Living – Basic Still and Calm (★★★☆☆)
Living is a remake of a 70-year-old Japanese film with the setting changed to London. The story is a classic, about a man who, told he only has six months to live, suddenly decides to do something different with his life. Nighy’s acting is “spot on”, and the film is a tearjerker, but ultimately it doesn’t present anything new.
Living – The Oscar Buzz. Oscar Nominations: Adapted Screenplay (Kazuo Ishiguro), Leading Actor (Bill Nighy).
Living did not win an Oscar, but it was nominated in two major categories, for the adapted screenplay and the leading actor. The screenwriter, Kazuo Ishiguro was born in Japan but his family moved to London in 1960, when he was only six years old. He won the Nobel Prize in Literature in 2017.
Noting the similarities between British and Japanese national characters (see below), he had always wanted to adapt Kurusawa’s 1952 film Ikiru to a British setting from its original Japanese roots. From the beginning of his project, he had always imagined Bill Nighy playing the central character.
Bill Nighy plays Mr. Williams, the main character who received his first Oscar nomination for this performance. Born in 1949 in Surrey, England, he won the BAFTA Supporting Actor award in 2003 for his role in Love Actually. He has starred as an un-dead character in two Underworld films, two Pirates of the Caribbean movies, and in Shaun of the Dead, making his nickname in this film “Mr. Zombie” a rather pointed reference.

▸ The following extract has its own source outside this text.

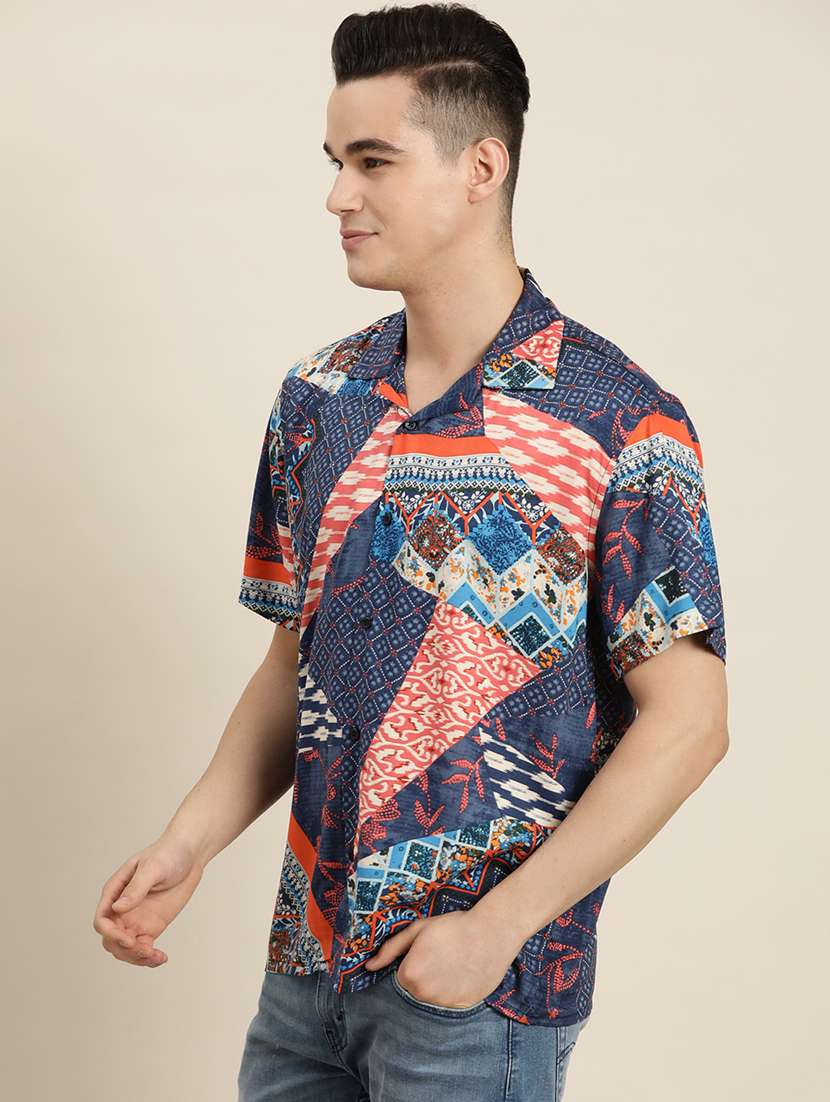 men printed cuban collared short sleeve loose fit shirt - 22038937 -  Standard Image - 1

You can notice a disability in his hands, known as Dupuyten’s Contracture, where his ring and small fingers are permanently curled inward, a condition that may give him a special insight into life’s sufferings.

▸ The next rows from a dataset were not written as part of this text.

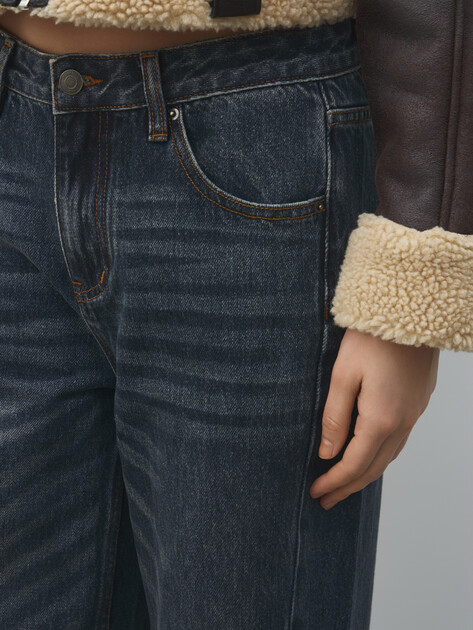 Женские джинсы клеш MAISON DAVID, Артикул ZH25-52, ночной синий | 4607051. Ракурс 4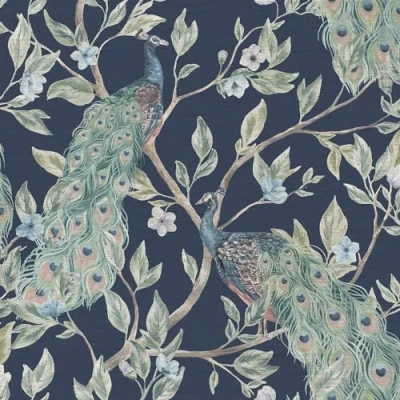 Image of World of Wallpaper Keeka Peacock Bird Themed Modern Metallic Highlights for Living Room and Bedroom Navy Blue 946100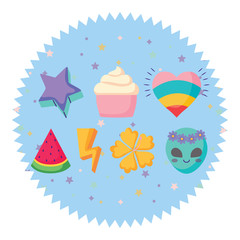 seal stamp with cupcakes and watermelon pattern over white background, vector illustration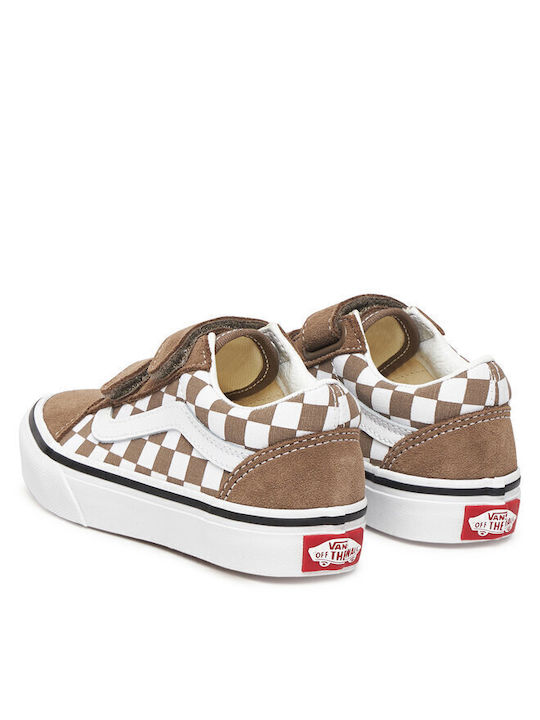 Old Skool V Παιδικά Sneakers με Σκρατς Καφέ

With two major nominations, Living earns a rating of four on my Oscar Quality Index, placing it 13th, or exactly in the middle, of the 25 general interest films in this year’s Oscar slate.
It isn’t surprising that a director brings along people who have worked with him before. In this case, the most prominent retaining member of his team is the Cinematographer, Jamie Ramsay. Ramsay incorporated a novel idea in this movie by filming it in the unusual aspect ratio of 1.48:1, which seems especially good for portrait images, of which there are many. Since the movie was set several decades ago in a London that was even more “British” than it is now, the costumes are part of the charm of this film.
I was looking forward to this movie, but after the first viewing, I felt somewhat disappointed. The film is indeed slow-moving but, thankfully, isn’t overlong. And Bill Nighy gives what is probably the best performance of his career. But the film felt too transparent, and obvious – everything just sort of fell into place too neatly. Like many other viewers, I cried towards the end, but after thinking about it, I felt somewhat manipulated.
My wife, Joan, had similar feelings, having given it just a C+. But, she said, the best part of the movie was the last thirty minutes. And she wondered what would happen if the director had inverted the sequencing, so that the last thirty minutes came first and, leaving lots of unanswered questions with the rest of the film filling in the gaps.
So, not having anything better to do with this film, I, for a change, listened to my wife. On my second viewing, I started the movie at scene 12 on the DVD version (approximately 65 minutes in). It resulted in a more challenging experience and, if you haven’t seen the film yet, you might consider making this programming change.
The first fifteen minutes of the movie (as intended by the director) is the setup.
We are introduced to all the major players and, especially, to Mr. Williams’ life which is so mundane and repetitive that you have to think he is, indeed, “Mr. Zombie”. He isn’t living – he is just existing.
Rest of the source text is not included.